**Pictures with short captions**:
+++

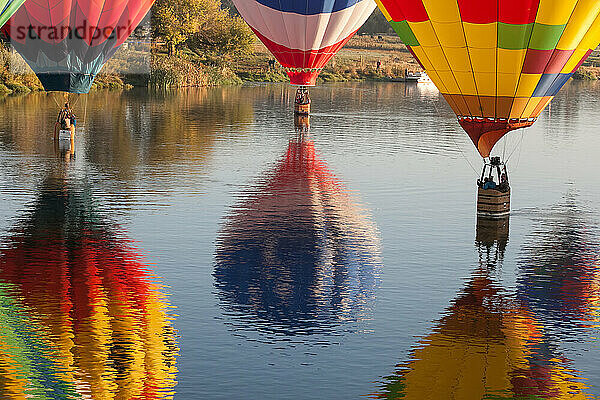 Mehrere Heißluftballons der Prosser Balloon Rally schweben auf dem Wasser des Yakima River; Yakima River  Prosser  Washington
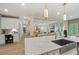 Bright kitchen featuring a study nook and open concept view of living spaces at 133 Frontier Way, Mcdonough, GA 30253
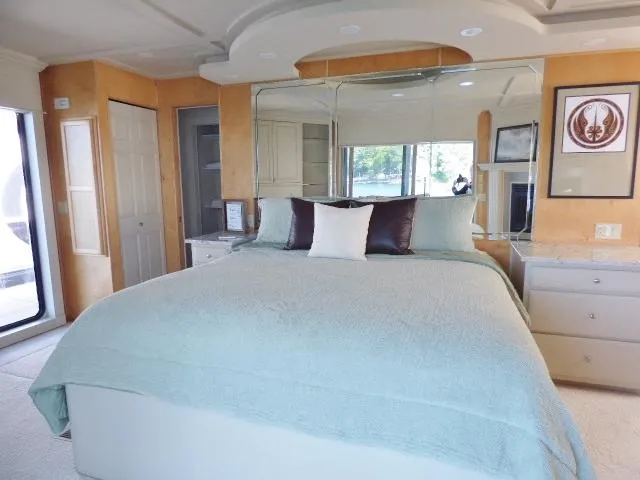 Slide: The Image of Luxurious bedroom in 2001 Sumerset 20x103 houseboat with elegant decor and large bed. - 11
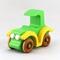 A handmade wooden toy car vintage style coupe painted nontoxic bright green and yellow with spoked wheels finished with nonmarring amber shellac, from my  Bad Bob's Custom Motors Collection.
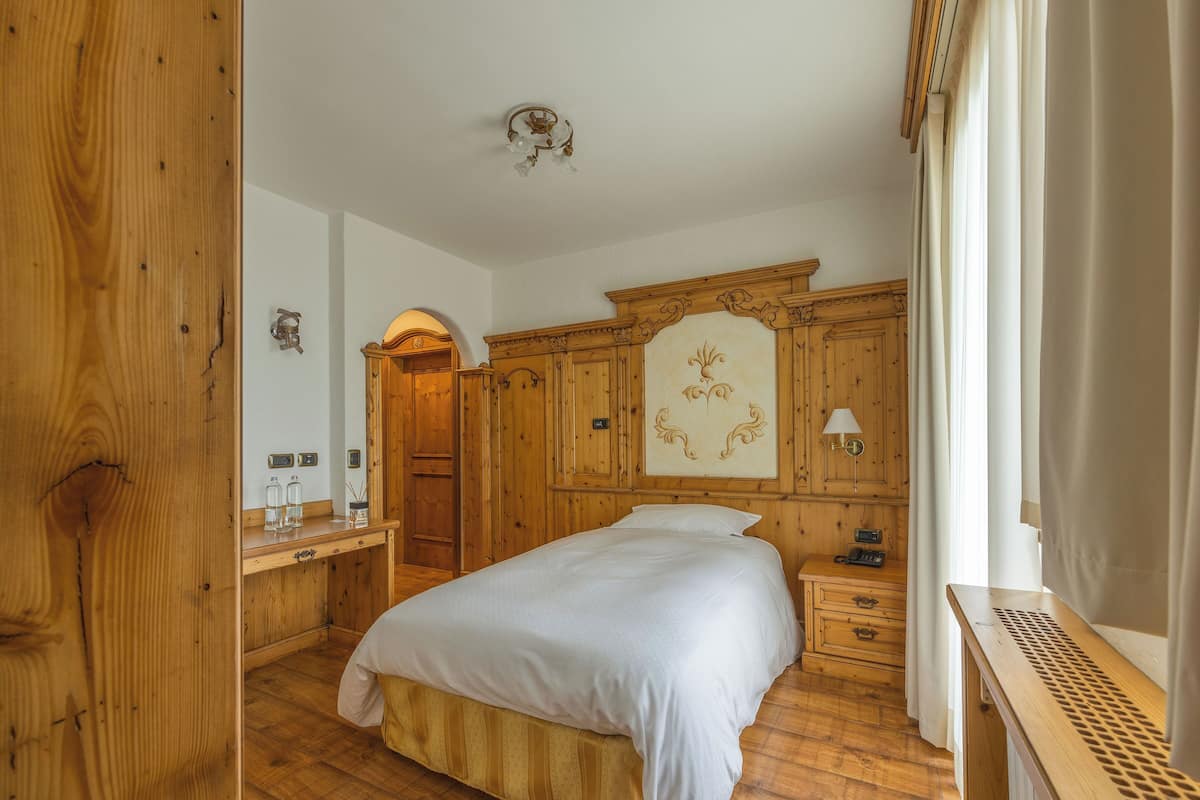 A wooden bedroom with a bed, a nightstand, a dresser, and a mirror.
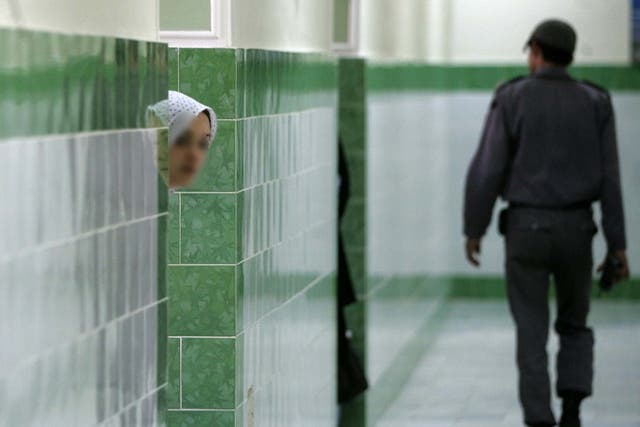 A prison guard walks by an inmate at the infamous Evin prison, north of Tehran, where several British citizens are reportedly being held on spying charges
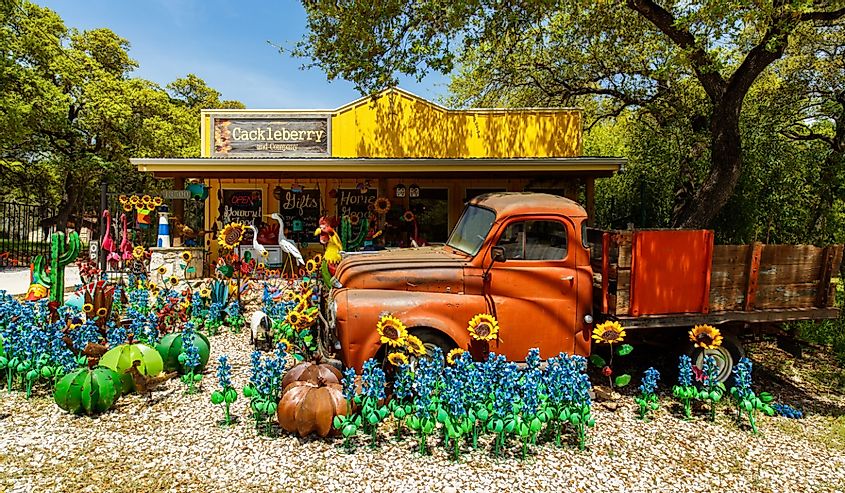 Colorful shop with artwork on display of truck and flowers in the small Texas Hill Country town of Wimberley, Wimberley, Texas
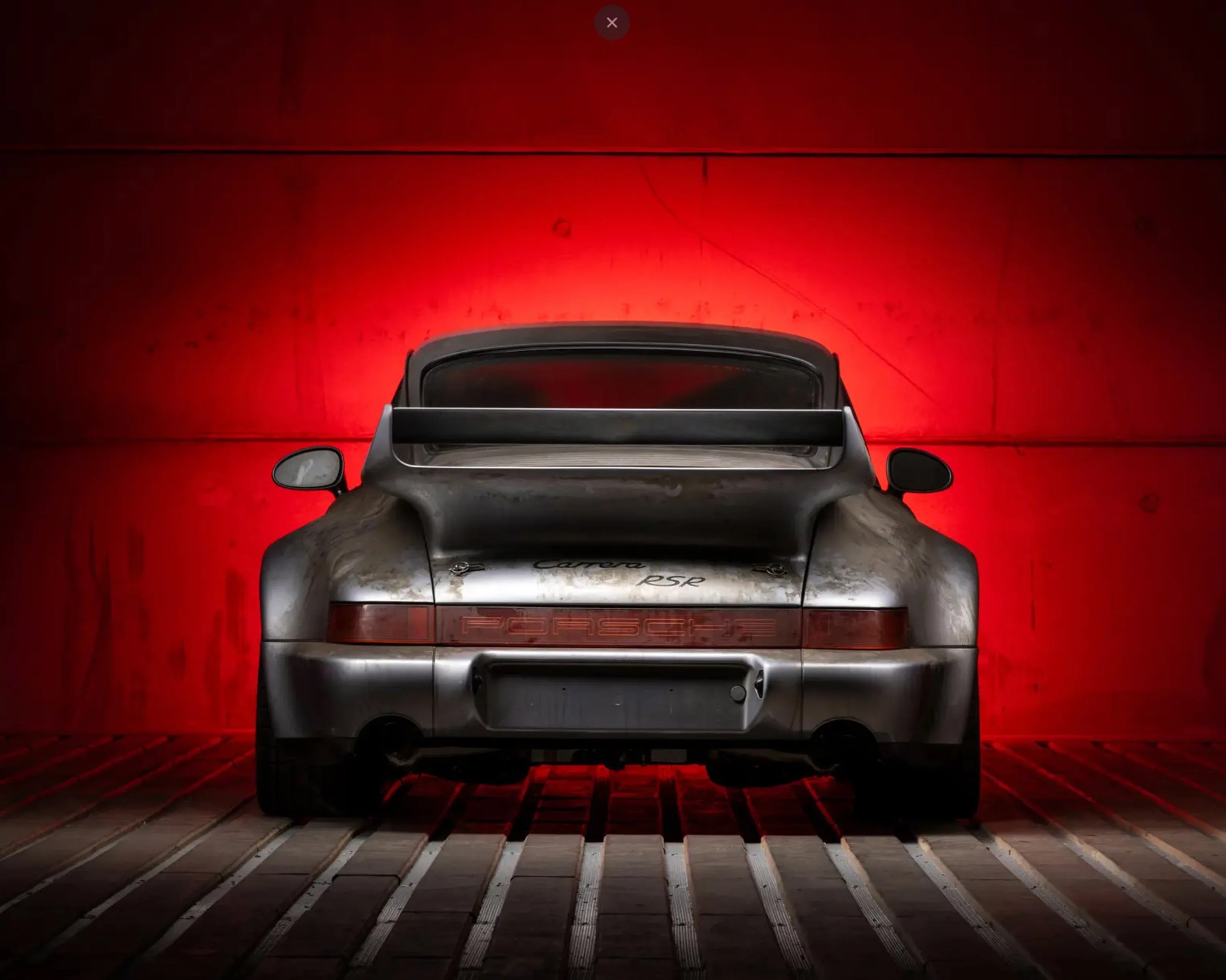 Rear view of a weathered silver Porsche Carrera RS with a large rear spoiler against a red background.
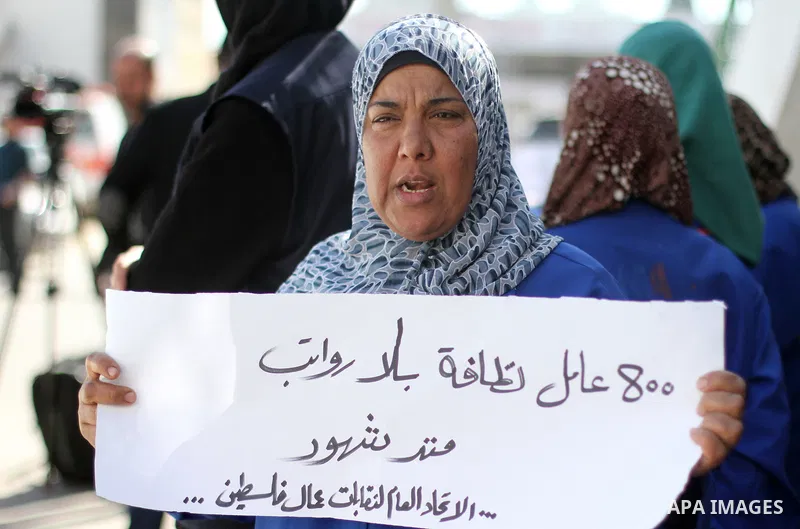 Palestinian cleaners hold banners during a protest to demand their salaries, at al-Shifa hospital in Gaza City on February 4, 2018. Photo by Mahmoud Ajour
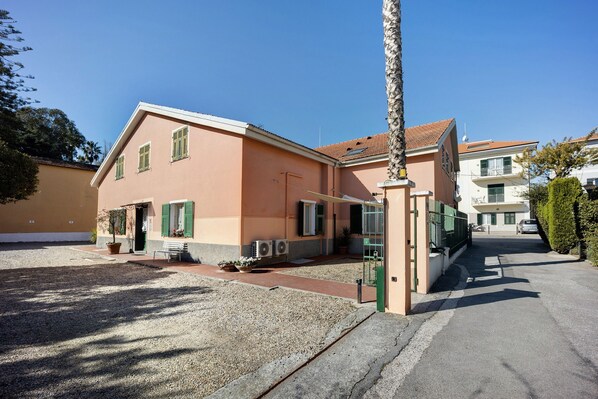 A two-story building with a flat roof, a gravel driveway, and a small garden area with a bench and potted plants.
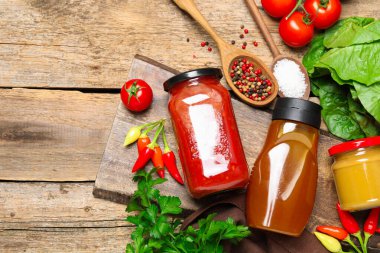 Farklı lezzetli soslar ve sebzeler ahşap masada, düz yerde.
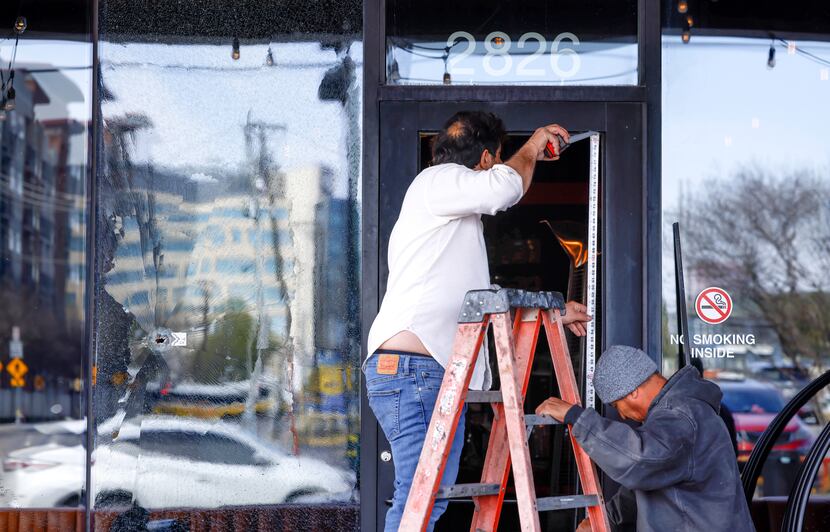Workers measure the door of Deep Ellum bar Bitter End to replace glass shattered by bullet...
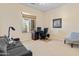 Functional home office space with a desk, chair, and natural light from the window at 26484 W Mohawk Ln, Buckeye, AZ 85396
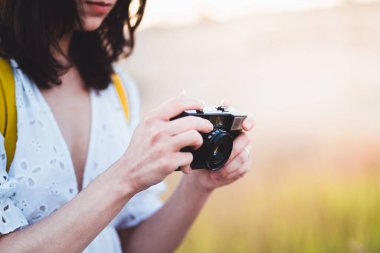 Genç bir kadın dışarıda klasik film kamerasıyla fotoğraf çekiyor. Tarz sahibi kadın sıcak gün batımına karşı retro kamera tutuyor.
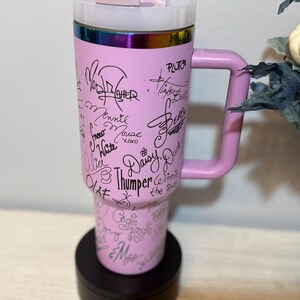May include: A pink travel mug with a handle, featuring signatures of Disney characters like Minnie Mouse and Daisy Duck. The mug has a rainbow-coloured rim and a black base. The mug is designed to keep beverages hot or cold.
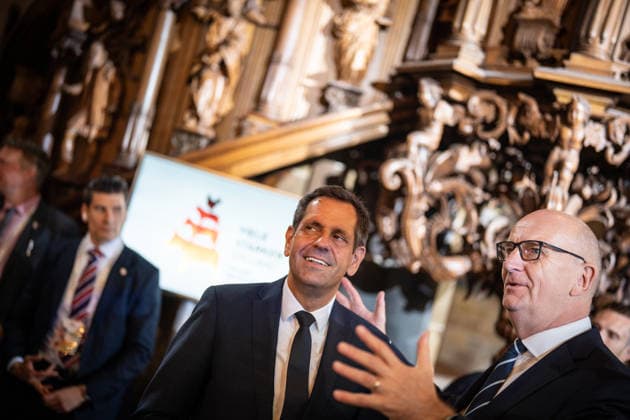Ecumenical service at St. Petri Cathedral: Olaf Lies, Minister-President of Lower Saxony, with Dietmar Woidke, Minister-President of Brandenburg (from left). Official central celebrations for German Unity Day 2026 in Bremen, Bremen, Germany, downtown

+++

**GOAL OF THE EXERCISE**: Only the lines from the one containing "Genç bir kadın" through the end of the data above are to be output, exactly and without pictures.

**RESPONSE BELOW**:
 Genç bir kadın dışarıda klasik film kamerasıyla fotoğraf çekiyor. Tarz sahibi kadın sıcak gün batımına karşı retro kamera tutuyor.
May include: A pink travel mug with a handle, featuring signatures of Disney characters like Minnie Mouse and Daisy Duck. The mug has a rainbow-coloured rim and a black base. The mug is designed to keep beverages hot or cold.
Ecumenical service at St. Petri Cathedral: Olaf Lies, Minister-President of Lower Saxony, with Dietmar Woidke, Minister-President of Brandenburg (from left). Official central celebrations for German Unity Day 2026 in Bremen, Bremen, Germany, downtown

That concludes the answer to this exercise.